Recent work suggests that cardiac structural homeostasis is regulated in part through a balance between membrane-bound and cleaved TNF-α. Normally, membrane bound TNF-α is converted to its soluble form by cleavage with TNF-α converting enzyme (TACE) [150]. In a line of transgenic mice with cardiac-restricted overexpression of TNF-α that is resistant to cleavage by TACE, concentric hypertrophy without chamber dilatation was observed [151,152], whereas mice with overexpression of TNF-α and an intact TACE cleavage site exhibited extracellular matrix degradation and ventricular dilatation [151,152]. In humans, increased TACE expression parallels the increase in TNF-α expression associated with dilated cardiomyopathy [153] and myocarditis [154]. Little is currently known, however, about the relative amounts or contribution of membrane bound TNF-α to myocardial homeostasis in humans.
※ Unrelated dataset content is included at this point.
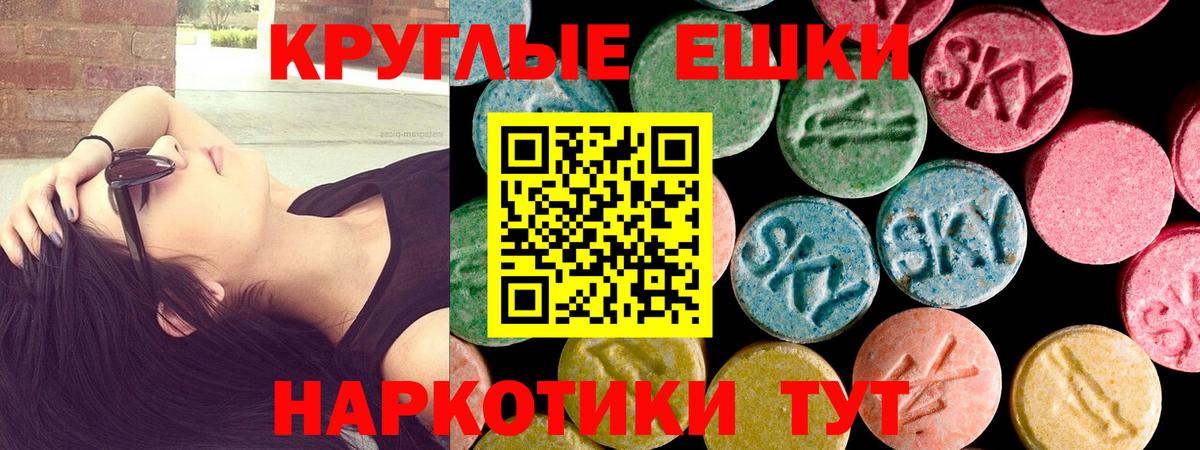 Экстази mix  ЭКСТАЗИ XTC  Экстази  Светлоград  Вход с VPN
In summary, animal studies have shown that the processes leading to cardiac myocyte hypertrophy, interstitial fibrillar collagen degradation, mural realignment, and ultimately to dilated cardiomyopathy are induced and/or regulated, at least in part, by TNF-α. The effects of TNF-α on the myocardium are complex, however, with a pathogenic effect early on and a putative protective effect later in disease. This dichotomy has important potential implications for human disease and has preliminary support from available clinical studies of TNF inhibitors in humans, in which patients with advanced CHF have shown no benefit or worsened when treated with anti-TNF-α therapy. In contrast, in patients with RA and no overt CHF, treatment of RA with TNF inhibitors might offer some protection against cytokine induced CHF.

Conclusion

The evolution of subclinical myocardial dysfunction to overt CHF is associated with significant morbidity and alarming mortality. Population- and clinic-based epidemiologic studies have suggested that RA patients may be more prone to the development of CHF and more susceptible to CHF-related mortality. While some traditional risk factors for CHF are over-represented in RA patients, they do not appear to account for all of the increased CHF risk observed. Other RA associated factors, particularly the chronic elaboration of inflammatory cytokines, are likely substantial contributors to myocardial dysfunction in RA patients. Additional investigation is needed to clarify both the direct effects of the RA disease process and the effects of RA-directed therapeutics on the myocardium at all stages of disease in order to define appropriate strategies to prevent or attenuate the development of CHF in RA patients.

Abbreviations

ATTACH = Anti-TNF-α Therapy Against Chronic Heart failure; CHF = congestive heart failure; CVD = cardiovascular disease; IL = interleukin; LV = left ventricular; LVEF = left ventricular ejection fraction; MI = myocardial infarction; MMP = matrix metalloproteinase; OA = osteoarthritis; RA = rheumatoid arthritis; RECOVER = Research into Etanercept: Cytokine Antagonism in Ventricular Dysfunction Trial; RENNAISANCE = Randomized Etanercept North American Strategy to Study Antagonism of Cytokines; RF rheumatoid factor; TACE = TNF-α converting enzyme; TIMP = tissue inhibitor of matrix metalloproteinase; TNF-α = tumor necrosis factor-α.

Competing interests

Dr Giles receives grant support from the American College of Rheumatology and the Arthritis National Research Foundation. Dr Bathon receives grant support from the National Institutes of Health, Bristol Myers Squibb, Centocor, Amgen, IDEC/Genentech. Dr Bathon is a consultant to Abbott.